<h1 style="color:#FB4834;"> 02 - Feature Engineering <h1/>


This notebook performs Feature Engineering on the fraud detection dataset.

**Focus: Minimizing False Alerts for Legitimate Frequent Customers**

***

In [15]:
import pandas as pd
import numpy as np
import os

RAW_DATA_PATH = '../data/raw/'
PROCESSED_DATA_PATH = '../data/processed/'
DATA_FILE = 'transactions.csv'

os.makedirs(PROCESSED_DATA_PATH, exist_ok=True)

In [16]:
input_filepath = os.path.join(RAW_DATA_PATH, DATA_FILE)
print(f"Loading dataset from: {input_filepath}...")
if not os.path.exists(input_filepath):
    raise FileNotFoundError(f"Data file not found at: {input_filepath}")


df = pd.read_csv(input_filepath)

# keep every later calc in strict time order
df = df.sort_values('unix_time').reset_index(drop=True)

print("Dataset loaded successfully.")
print(f"Original shape: {df.shape}")



df_fe = df.copy()

Loading dataset from: ../data/raw/transactions.csv...
Dataset loaded successfully.
Original shape: (1852394, 35)


In [27]:
df.columns

Index(['cc_num', 'merchant', 'category', 'amt', 'first', 'last', 'gender',
       'street', 'city', 'state', 'zip', 'lat', 'long', 'city_pop', 'job',
       'dob', 'trans_num', 'unix_time', 'merch_lat', 'merch_long', 'is_fraud',
       'amt_month', 'amt_year', 'amt_month_shopping_net_spend',
       'count_month_shopping_net', 'first_time_at_merchant',
       'dist_between_client_and_merch', 'trans_month', 'trans_day', 'hour',
       'year', 'times_shopped_at_merchant', 'times_shopped_at_merchant_year',
       'times_shopped_at_merchant_month', 'times_shopped_at_merchant_day'],
      dtype='object')

## 1. Customer Behavior Features
These features help establish what's "normal" for each customer, reducing false alerts for regular behavior.

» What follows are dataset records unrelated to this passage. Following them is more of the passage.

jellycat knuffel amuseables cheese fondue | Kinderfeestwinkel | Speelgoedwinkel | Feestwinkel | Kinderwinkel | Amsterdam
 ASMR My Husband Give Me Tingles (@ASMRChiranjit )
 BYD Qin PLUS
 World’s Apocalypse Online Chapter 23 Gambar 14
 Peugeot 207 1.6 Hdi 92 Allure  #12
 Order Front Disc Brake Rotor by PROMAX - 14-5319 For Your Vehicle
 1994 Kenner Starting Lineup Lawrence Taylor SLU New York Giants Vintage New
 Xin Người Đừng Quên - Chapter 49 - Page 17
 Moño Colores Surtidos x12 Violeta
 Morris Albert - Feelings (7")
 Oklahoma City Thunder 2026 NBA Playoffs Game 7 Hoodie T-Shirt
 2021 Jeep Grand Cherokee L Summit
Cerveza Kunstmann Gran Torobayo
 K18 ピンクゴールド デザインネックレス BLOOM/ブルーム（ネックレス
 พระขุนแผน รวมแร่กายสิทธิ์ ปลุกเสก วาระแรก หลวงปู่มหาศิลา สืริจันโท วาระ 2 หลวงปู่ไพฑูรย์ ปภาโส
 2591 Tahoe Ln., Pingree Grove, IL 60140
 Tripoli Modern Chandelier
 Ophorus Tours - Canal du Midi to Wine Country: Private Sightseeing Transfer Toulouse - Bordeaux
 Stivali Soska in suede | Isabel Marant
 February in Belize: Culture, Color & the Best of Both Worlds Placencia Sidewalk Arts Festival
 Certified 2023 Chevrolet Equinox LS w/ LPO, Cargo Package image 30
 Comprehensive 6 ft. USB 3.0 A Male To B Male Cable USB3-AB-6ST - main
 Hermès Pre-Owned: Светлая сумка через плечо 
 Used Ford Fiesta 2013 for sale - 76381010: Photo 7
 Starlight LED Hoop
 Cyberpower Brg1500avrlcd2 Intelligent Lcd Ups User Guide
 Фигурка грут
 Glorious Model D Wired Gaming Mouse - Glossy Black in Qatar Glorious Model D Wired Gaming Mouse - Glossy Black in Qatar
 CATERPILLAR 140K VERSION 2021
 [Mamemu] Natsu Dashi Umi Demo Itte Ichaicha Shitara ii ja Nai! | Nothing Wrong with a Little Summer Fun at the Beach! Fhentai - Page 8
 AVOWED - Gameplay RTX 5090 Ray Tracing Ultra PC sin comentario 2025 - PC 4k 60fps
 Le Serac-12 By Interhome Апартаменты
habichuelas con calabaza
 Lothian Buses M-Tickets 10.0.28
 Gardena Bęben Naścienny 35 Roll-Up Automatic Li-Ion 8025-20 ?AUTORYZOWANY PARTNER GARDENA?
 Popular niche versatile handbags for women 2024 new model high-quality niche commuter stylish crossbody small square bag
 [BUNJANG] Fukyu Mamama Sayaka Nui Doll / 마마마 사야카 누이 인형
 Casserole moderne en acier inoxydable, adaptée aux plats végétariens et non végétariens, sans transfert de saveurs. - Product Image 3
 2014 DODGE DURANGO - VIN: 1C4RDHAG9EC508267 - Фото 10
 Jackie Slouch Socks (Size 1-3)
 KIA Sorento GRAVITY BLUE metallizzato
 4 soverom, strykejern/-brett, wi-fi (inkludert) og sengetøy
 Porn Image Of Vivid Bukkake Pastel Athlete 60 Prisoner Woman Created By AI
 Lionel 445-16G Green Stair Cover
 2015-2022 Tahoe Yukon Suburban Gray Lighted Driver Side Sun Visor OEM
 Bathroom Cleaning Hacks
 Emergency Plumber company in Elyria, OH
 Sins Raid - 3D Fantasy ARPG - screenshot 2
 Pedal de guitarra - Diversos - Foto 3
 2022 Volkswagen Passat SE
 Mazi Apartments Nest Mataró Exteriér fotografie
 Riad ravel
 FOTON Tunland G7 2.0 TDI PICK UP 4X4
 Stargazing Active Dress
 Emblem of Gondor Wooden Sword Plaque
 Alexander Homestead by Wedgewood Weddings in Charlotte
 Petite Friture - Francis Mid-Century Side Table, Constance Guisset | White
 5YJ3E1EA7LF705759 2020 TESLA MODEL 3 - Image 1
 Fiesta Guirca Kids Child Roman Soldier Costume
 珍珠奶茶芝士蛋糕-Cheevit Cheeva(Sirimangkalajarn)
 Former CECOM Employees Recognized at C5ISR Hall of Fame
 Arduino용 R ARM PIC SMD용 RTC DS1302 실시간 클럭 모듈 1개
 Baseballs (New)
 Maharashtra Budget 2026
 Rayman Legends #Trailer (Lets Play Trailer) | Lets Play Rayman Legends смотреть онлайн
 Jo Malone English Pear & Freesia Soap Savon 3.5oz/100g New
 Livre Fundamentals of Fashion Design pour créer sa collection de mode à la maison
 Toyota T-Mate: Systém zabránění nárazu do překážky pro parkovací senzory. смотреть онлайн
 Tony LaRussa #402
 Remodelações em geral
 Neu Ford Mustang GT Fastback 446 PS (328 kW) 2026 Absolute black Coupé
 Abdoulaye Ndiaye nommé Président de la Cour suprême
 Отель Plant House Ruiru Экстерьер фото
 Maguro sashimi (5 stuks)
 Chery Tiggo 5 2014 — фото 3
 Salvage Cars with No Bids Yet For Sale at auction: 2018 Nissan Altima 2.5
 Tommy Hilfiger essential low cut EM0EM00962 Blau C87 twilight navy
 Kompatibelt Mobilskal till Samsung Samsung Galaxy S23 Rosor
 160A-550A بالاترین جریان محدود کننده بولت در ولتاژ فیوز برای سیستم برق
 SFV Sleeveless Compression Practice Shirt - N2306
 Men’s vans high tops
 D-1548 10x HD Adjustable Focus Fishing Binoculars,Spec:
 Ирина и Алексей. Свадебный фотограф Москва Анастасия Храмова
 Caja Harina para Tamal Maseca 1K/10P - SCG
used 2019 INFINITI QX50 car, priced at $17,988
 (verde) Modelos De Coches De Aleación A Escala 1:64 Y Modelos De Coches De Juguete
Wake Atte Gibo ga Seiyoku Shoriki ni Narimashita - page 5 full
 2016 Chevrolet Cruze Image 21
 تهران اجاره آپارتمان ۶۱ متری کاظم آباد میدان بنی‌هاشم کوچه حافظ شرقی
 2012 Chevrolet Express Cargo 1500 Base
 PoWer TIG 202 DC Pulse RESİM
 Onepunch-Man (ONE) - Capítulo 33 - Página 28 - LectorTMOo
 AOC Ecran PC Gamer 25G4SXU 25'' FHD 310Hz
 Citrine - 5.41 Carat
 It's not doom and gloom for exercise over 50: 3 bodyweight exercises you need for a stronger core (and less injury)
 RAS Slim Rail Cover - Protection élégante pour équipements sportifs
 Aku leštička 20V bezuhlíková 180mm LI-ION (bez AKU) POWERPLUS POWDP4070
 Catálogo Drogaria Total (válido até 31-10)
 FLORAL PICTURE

- `customer_preferred_hour`: Most common hour the customer transacts
- `customer_preferred_category`: Most common category they shop in
- `is_preferred_hour`: Flag if transaction is during their usual hours
- `is_preferred_category`: Flag if transaction is in their usual category
- `is_frequent_merchant`: Flag if customer shops often at this merchant

**Why?** Legitimate customers tend to have consistent patterns. Deviations might indicate fraud.


In [46]:
def create_customer_behavior_features(df):
    """Create features related to customer behavior patterns"""
    df = df.copy()
    group = df.groupby("cc_num", group_keys=False)
    # Regular transaction patterns
    df["customer_preferred_hour"] = group["hour"].apply(
        lambda s: s.shift().mode().iloc[0] if len(s) > 1 else -1
    )
    df["customer_preferred_category"] = group["category"].apply(
        lambda s: s.shift().mode().iloc[0] if len(s) > 1 else "_none"
    )

    df["times_prior_at_merchant"] = group.cumcount()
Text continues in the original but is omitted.